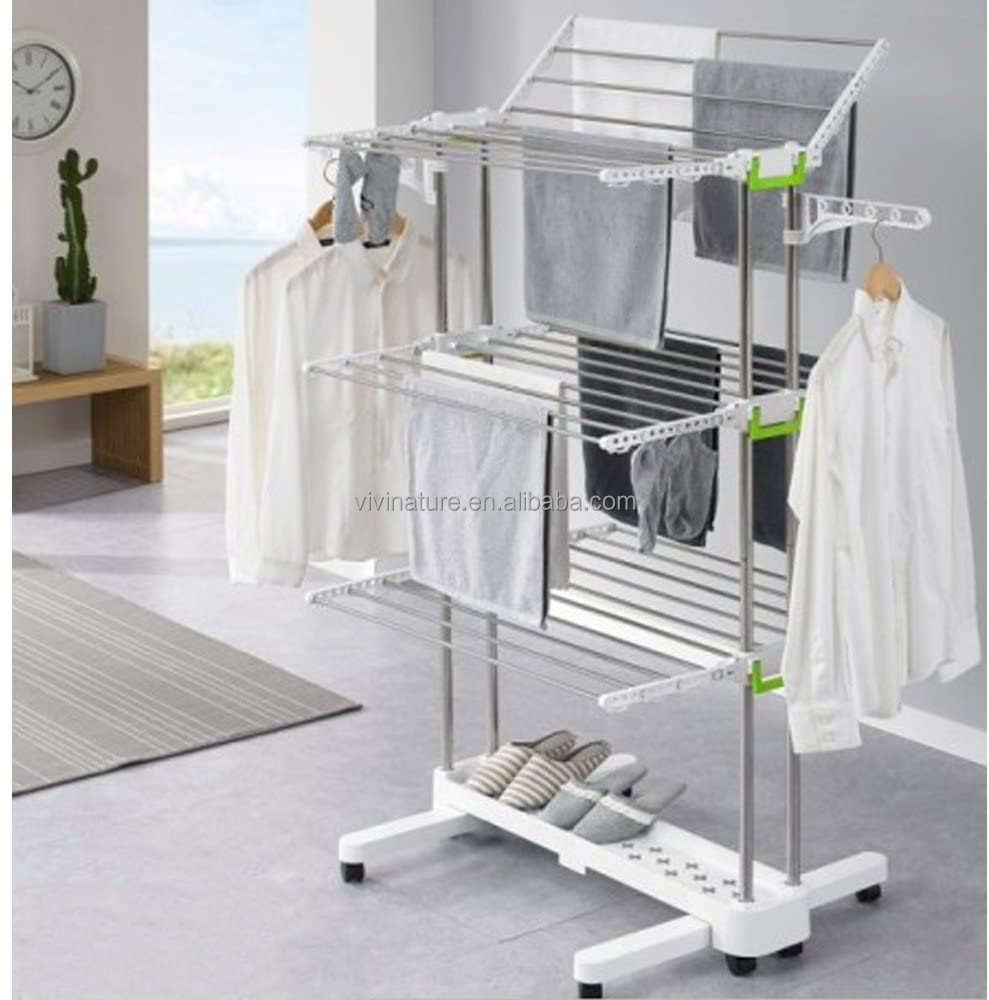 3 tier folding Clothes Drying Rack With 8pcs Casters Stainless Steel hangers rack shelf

---

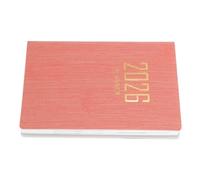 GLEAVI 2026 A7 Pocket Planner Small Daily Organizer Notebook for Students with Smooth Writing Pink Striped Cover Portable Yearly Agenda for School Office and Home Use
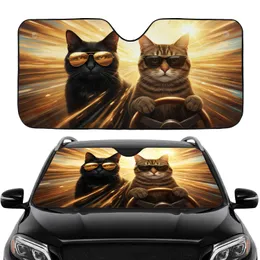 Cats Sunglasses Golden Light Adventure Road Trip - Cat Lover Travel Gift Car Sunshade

### Exercise objective
Reproduce, word for word, everything in the listing above from the line containing "GLEAVI 2026 A7" down to the line containing "Cats Sunglasses Golden", both of them included. No pictures.

### Output of the exercise
 GLEAVI 2026 A7 Pocket Planner Small Daily Organizer Notebook for Students with Smooth Writing Pink Striped Cover Portable Yearly Agenda for School Office and Home Use
 Cats Sunglasses Golden Light Adventure Road Trip - Cat Lover Travel Gift Car Sunshade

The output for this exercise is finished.